*** RECORDS FOR THIS EXERCISE

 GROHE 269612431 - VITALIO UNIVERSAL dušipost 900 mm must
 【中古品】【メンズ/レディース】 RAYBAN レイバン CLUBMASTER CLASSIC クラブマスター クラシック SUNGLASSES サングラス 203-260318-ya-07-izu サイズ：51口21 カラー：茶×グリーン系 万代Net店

******
*** RECORDS FOR THIS EXERCISE

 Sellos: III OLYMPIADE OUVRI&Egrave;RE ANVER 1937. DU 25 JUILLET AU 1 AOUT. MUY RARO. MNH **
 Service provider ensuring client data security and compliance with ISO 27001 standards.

******
*** RECORDS FOR THIS EXERCISE

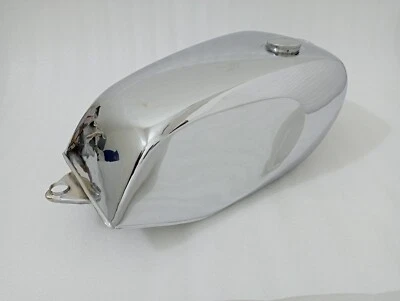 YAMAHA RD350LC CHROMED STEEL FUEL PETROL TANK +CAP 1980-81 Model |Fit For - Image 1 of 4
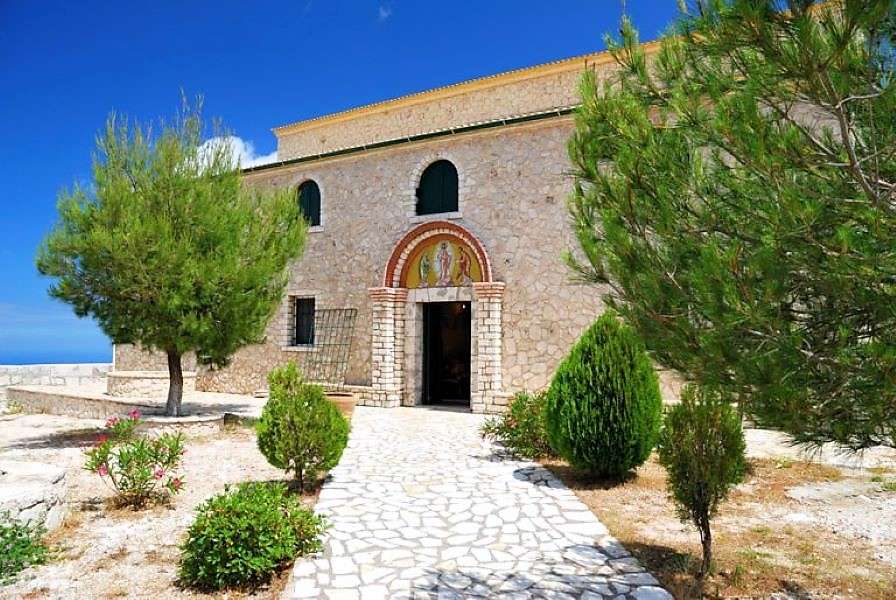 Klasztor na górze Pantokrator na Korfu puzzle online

******

● ABOUT THIS TASK:
Your answer should be the exact lines above from the one with "GROHE 269612431 - VITALIO" through the one with "サイズ：51口21 カラー：茶×グリーン系 万代Net店", both included, and nothing besides.

● TASK ANSWER:
 GROHE 269612431 - VITALIO UNIVERSAL dušipost 900 mm must
 【中古品】【メンズ/レディース】 RAYBAN レイバン CLUBMASTER CLASSIC クラブマスター クラシック SUNGLASSES サングラス 203-260318-ya-07-izu サイズ：51口21 カラー：茶×グリーン系 万代Net店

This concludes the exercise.